Sucedió de pronto, la melodía se distanció. ¿Se escapaba a mi entendimiento? Aterrado me quité los auriculares y se lo transmití a Emilio. No me escuchó. Tuve que arrancarle los suyos para que me prestara atención. Le dije que algo grave ocurría con el equipo, pues apenas lo oía. Me miró molesto y con asombro movió la boca; no le entendí. Le pedí que se explicara y tampoco lo entendí. De repente – ¿estaba gritando? – pude oír que el equipo estaba en perfectas condiciones. Luego, el problema era mío. ¿Tenía un inconveniente grave de audición? Admitir la posibilidad me horrorizó unos instantes, pero enseguida me fortalecí; nada estaba perdido. Hubo una breve disputa cuando le recordé sus quehaceres y le indiqué que necesitaba unos auriculares más precisos y potentes. No tardó en conseguirlos, se los pidió a alguien de fuera que también se quedó dentro. Transcurridos varios meses el problema se reprodujo en cuatro ocasiones, en todas me consiguieron aparatos más potentes.

Un día abrí los ojos y todos me observaban. El silencio era inquietante, el más absoluto que “nunca haya oído.” Se quitaron los auriculares y uno tras otro salieron de la habitación sin mirar. Emilio fue el último en dejarme, sus ojos estaban llorosos, tampoco tuvo nada que decirme.

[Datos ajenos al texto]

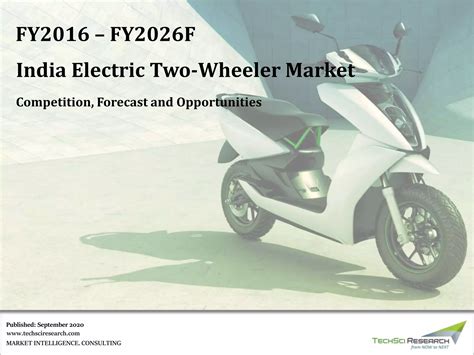 India Electric Two Wheeler Market Size Share Forecast Techsci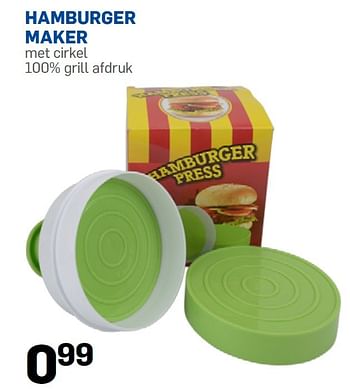 Aanbiedingen Hamburger maker - Huismerk - Action - Geldig van 08/06/2015 tot 14/06/2015 bij Action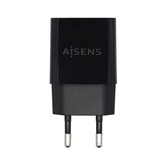 AISENS - CARREGADOR USB DE ALTA EFICIÊNCIA 10W, 5V/2A, PRETO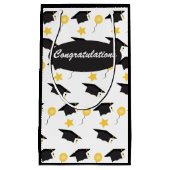 Gefeliciteerd Graduation Cap ballonpatroon Klein Cadeauzakje (Voorkant)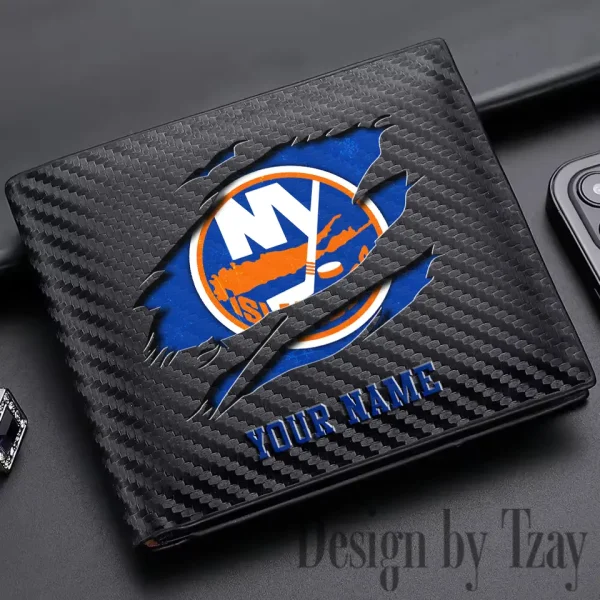 New York Islanders  NHL Carbon Wallet ID Credit Card Holder License Money Bag SPTCWCCH050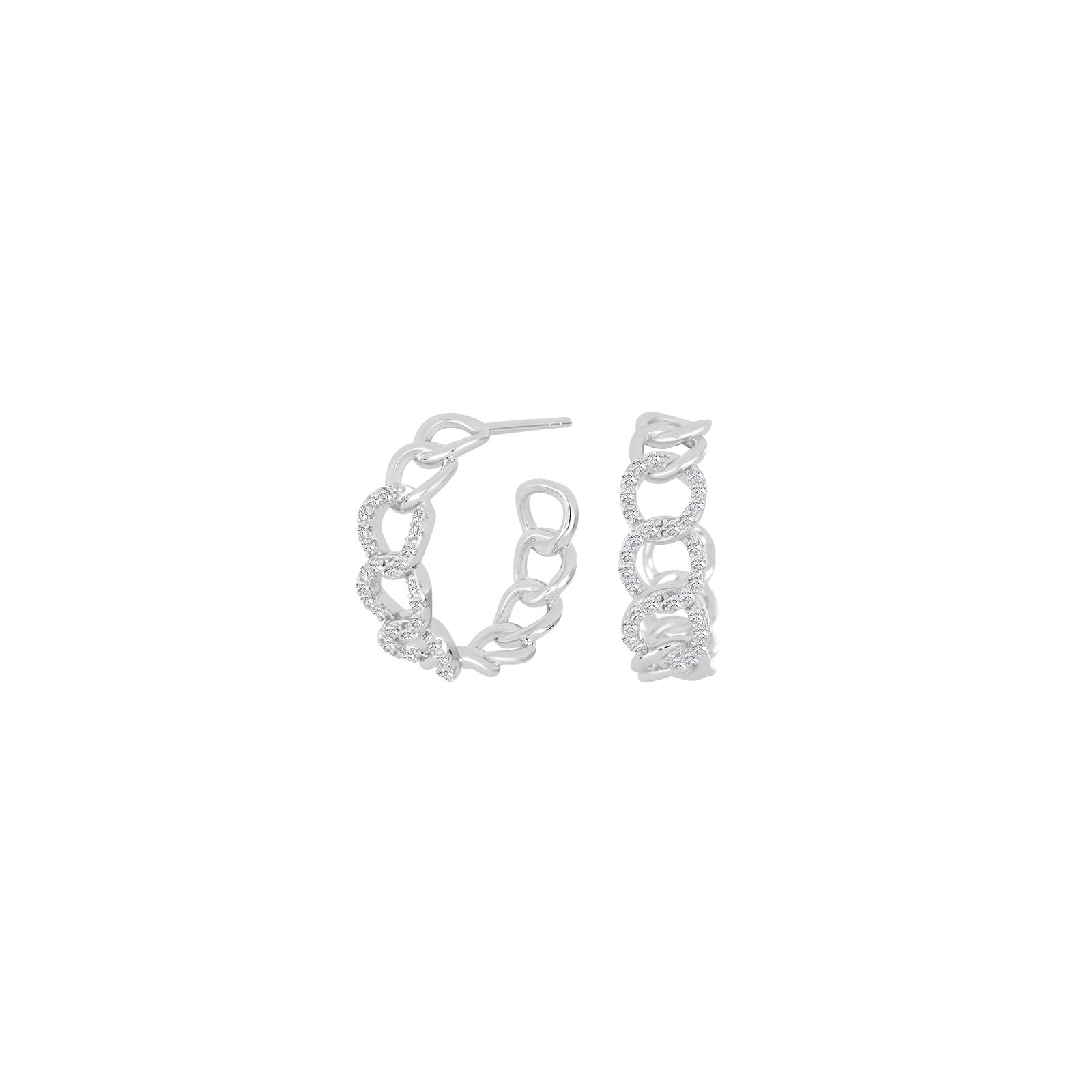 Rhod. sølv creoler JASMINNOR – Ring i rhodineret sølv fra Joanli Nor – Varenr. '30453350900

A solas y en silencio medité con rapidez y llegué a una conclusión. Tal vez aquello me ocurría por no haber sido capaz de entender la forma de canalizar de forma exacta los conductos. Impresionado ante la magnitud de la idea me incorporé y me acerqué hasta el equipo, cuando estuve delante me detuve sin pensar. Abrí la boca y mordí con furor el extremo del cuadro. Fue como un rayo de luz. Una sinfonía gloriosa entró en mi interior y lo iluminó de forma misteriosa y en instantes se condensó en una melodía de una dulzura lujuriosa e imperial. Había dolor, pero era un dolor mortificante. Continué ahí agarrado con el corazón a tres mil revoluciones in crescendo; y no me solté, en realidad era incapaz y además ¡estaba empalmado! Sí, ¡aquello era el súmmum! Un súmmum letal.

José Fernández del Vallado. Josef. 2009.